Reasons why a company pays dividends

  • Dividends are often seen as rewards for shareholders for putting their trust in a certain company.
  • High-value dividends often indicate a company is doing good. This increases the demand for the stock, increasing its value.
  • The company has no future plans or projects and rather use the money to pay shareholders instead of reinvesting it.
  • The company has no real growth potential.

Types of dividend

Cash dividends: Cash dividends is a cash payment made by a company to its shareholders. For example, if an investor owns 100 shares and a company pays 50 cents per share then the company pays $50 in cash to the investor.

Stock dividends: Stock dividends are similar to cash dividends, the only thing that changes is that the payment is made in shares.

Dividend reinvestment programs (DRIPs): Dividend reinvestment programs allow investors to automatically reinvest their cash dividends into additional shares.

Special dividends: A special dividend is a non-recurring distribution of company assets, usually in the form of cash, to shareholders according to James Chen.

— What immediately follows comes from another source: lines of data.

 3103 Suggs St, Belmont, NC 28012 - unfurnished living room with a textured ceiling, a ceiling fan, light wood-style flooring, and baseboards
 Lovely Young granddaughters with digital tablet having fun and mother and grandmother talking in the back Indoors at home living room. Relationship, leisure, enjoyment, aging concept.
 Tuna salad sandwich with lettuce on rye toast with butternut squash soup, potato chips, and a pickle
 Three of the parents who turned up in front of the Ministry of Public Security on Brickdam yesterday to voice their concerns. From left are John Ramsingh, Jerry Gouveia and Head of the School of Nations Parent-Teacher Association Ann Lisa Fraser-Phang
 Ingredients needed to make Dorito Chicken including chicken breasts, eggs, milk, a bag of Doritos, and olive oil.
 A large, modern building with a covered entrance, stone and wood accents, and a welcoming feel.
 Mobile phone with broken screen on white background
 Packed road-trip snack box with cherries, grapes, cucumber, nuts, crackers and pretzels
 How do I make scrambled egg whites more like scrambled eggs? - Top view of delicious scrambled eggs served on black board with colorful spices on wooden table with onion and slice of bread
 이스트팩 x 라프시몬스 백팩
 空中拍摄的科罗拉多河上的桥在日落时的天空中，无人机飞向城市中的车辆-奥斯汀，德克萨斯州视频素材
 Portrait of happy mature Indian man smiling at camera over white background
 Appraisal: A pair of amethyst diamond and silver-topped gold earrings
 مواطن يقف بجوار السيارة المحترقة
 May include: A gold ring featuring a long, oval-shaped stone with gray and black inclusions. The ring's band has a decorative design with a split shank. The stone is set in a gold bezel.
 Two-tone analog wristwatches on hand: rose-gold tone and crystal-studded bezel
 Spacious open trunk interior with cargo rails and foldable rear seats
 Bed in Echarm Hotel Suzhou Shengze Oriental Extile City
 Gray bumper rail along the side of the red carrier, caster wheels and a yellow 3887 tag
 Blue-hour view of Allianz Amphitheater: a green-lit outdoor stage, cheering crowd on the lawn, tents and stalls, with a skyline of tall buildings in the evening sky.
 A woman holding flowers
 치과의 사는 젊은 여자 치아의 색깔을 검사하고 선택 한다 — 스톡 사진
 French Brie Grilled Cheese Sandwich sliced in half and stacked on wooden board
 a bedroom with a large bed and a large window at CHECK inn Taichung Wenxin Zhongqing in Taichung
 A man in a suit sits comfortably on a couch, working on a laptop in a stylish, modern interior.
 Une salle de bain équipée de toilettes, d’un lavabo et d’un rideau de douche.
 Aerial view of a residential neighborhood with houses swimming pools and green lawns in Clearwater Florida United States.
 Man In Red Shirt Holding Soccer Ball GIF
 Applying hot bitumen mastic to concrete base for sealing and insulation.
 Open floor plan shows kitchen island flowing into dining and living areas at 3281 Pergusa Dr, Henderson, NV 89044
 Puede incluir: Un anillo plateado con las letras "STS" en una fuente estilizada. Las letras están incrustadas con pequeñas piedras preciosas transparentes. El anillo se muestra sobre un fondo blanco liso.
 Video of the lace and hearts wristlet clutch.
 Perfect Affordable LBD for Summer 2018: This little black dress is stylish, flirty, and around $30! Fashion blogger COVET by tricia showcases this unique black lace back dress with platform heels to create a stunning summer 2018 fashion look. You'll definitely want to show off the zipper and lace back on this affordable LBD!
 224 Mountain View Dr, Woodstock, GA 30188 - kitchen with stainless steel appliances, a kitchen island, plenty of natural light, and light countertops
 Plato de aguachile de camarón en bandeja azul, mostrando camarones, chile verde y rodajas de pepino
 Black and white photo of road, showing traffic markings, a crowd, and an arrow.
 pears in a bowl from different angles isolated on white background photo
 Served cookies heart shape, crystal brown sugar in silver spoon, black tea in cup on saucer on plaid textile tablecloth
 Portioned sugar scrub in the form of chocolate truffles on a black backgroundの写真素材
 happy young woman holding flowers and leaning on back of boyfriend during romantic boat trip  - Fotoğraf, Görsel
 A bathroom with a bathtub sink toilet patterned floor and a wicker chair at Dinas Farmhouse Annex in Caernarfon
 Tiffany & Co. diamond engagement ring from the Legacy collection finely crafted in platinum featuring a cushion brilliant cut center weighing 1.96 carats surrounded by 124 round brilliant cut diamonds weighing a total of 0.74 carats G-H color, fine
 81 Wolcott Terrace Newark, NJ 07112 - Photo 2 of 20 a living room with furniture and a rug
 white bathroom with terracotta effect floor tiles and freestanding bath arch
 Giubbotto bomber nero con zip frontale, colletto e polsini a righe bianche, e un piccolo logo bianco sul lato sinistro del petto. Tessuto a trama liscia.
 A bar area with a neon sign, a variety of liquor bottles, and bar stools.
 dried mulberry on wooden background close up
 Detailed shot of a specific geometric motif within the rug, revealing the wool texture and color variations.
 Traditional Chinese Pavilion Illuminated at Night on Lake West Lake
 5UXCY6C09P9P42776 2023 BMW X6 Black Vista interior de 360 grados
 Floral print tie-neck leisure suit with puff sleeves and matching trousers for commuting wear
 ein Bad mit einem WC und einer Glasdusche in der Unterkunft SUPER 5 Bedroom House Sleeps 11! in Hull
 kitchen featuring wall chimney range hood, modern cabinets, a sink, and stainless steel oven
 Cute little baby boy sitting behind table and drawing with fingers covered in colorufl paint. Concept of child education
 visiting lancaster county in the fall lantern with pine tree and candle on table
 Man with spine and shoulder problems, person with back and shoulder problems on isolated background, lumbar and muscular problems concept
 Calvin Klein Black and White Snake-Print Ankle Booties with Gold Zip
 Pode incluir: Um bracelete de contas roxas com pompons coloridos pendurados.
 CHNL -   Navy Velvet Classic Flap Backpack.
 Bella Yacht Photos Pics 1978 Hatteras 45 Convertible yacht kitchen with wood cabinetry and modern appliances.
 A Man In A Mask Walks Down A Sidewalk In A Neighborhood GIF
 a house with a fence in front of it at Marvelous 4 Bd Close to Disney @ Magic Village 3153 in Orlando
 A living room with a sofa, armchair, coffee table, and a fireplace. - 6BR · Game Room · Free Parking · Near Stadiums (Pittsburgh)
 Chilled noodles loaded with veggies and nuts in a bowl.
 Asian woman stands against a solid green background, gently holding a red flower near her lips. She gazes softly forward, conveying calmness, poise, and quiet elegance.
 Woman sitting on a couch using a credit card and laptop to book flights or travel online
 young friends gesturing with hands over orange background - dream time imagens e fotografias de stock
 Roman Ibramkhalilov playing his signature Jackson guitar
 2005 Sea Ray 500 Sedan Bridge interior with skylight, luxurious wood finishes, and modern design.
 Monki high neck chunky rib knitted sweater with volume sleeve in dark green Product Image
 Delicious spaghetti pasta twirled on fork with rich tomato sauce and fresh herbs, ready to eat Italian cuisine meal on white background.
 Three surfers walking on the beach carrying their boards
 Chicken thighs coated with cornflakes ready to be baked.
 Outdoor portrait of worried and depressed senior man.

Preferred dividends: Preferred dividends are a special type of dividend only meant for a couple of priority stockholders.

Dividend date terms

Ex-Dividend Date: The Ex-dividend date is normally set one business day before the record date. If an investor decides to buy a stock on its ex-dividend date or after, the investor won’t be eligible to receive the upcoming dividend payment, instead the seller is receiving it.

Announcement date: Announcement date or also referred to as the “declaration date” is a set date on which the next dividend payment will be executed, this is announced by the board of directors of a company. This report includes the dividend‘s size, ex-dividend date, and payment date.

Record date: The record date is a cut-off date set by the board of directors of a company. This date is used to select which shareholders are eligible to receive the payment of the upcoming dividend.

Payment date: The payment date is designated by a company’s board of directors. Dividends are paid on this date. If an investor is the holder of a company's shares at the close of trading on the day before the ex-dividend date, he will then be able to receive the payment.